Le nord de l’île offre un terrain de jeu montagneux où les alizés font pousser une végétation luxuriante
Odile Faure
Des perches à neige sont plantées le long de la route qui monte au volcan du Teide alors que la température dépasse les 15 degrés. Le tableau peut surprendre. Pourtant, si les flocons sont rares sur l’île de Ténérife, l’île canarienne est une vraie montagnarde. Et, comme toute belle escarpée, il faut parfois se méfier. Le pic du Teide culmine en effet à 3 718 mètres, laissant 400 mètres plus bas le pic d’Aneto, sommet le plus élevé des Pyrénées. Le vent peut amener son lot de nuages et de froid et baigner le sommet d’un épais brouillard.
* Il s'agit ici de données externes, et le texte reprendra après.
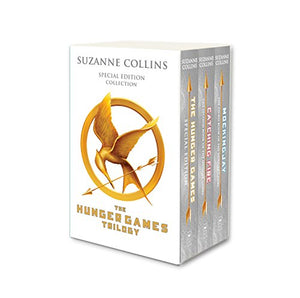 Hunger Games Trilogy (white anniversary boxed set) 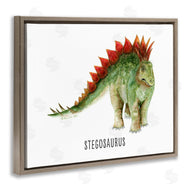 Brett Blumenthal | Stegosaurus Dinosaur Learning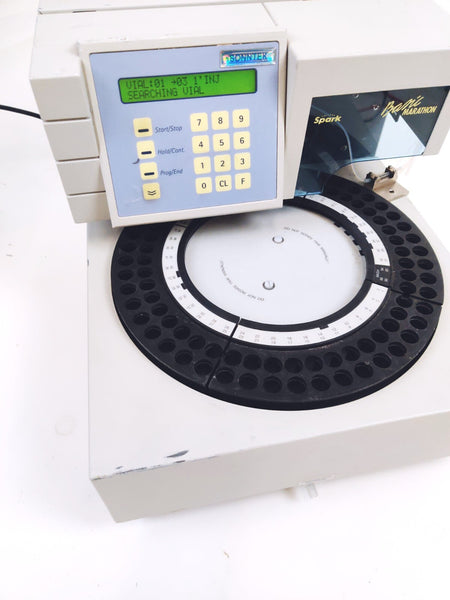 Spark Holland Autosampler HPLC LC System Basic Marathon 96 Vial Cap model 816 - 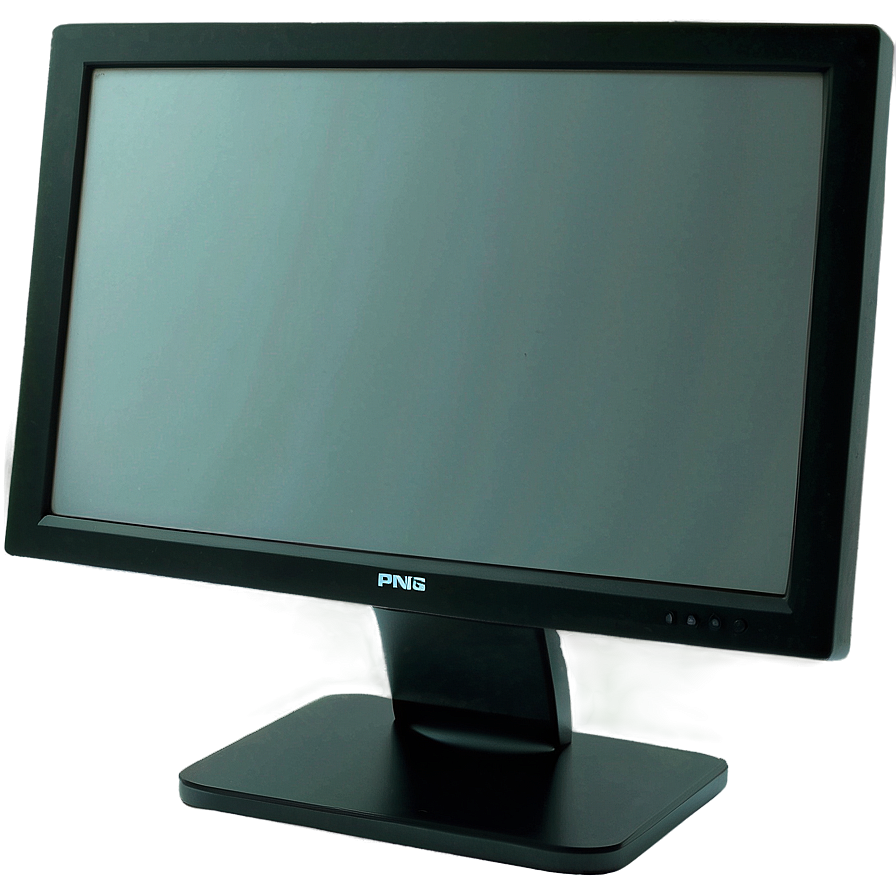 Flat Screen Computer Display Png 06122024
Les écarts de températures sont notoires et il vaut mieux prévoir couvre-chef et coupe-vent avant de s’aventurer sur ses pentes. Formée il y a 12 millions d’années, Ténérife est l’une des sept îles de l’archipel des Canaries, située à 350 kilomètres de la côte africaine. De formation volcanique, large de 2 034 km (plus petite que la Corse), elle présente des vallées encaissées, creusées par les coulées de lave. Basalte, trachytes et phonolites (roches volcaniques) composent son sol et dessinent sa côte déchiquetée, parsemée de plages de sable noir ou blanc. Ici,tout est en pente. La vigne s’y déploie en hauteur sur des terrasses et la banane, fruit numéro un de l’île, est cultivée près de la côte. Cette île en forme de canard est peuplée de 900 000 Canariens qui vivent essentiellement del’agriculture et du tourisme. On en compte 5 millions par an, dont 1,9 million de Britanniques. Ils y viennent toute l’année quelles que soient les saisons. Les touristes du nord de l’Europe diminuent au profit des Français qui cherchent à Tenerife un climat tempéré, des activités de pleine nature et le dépaysement.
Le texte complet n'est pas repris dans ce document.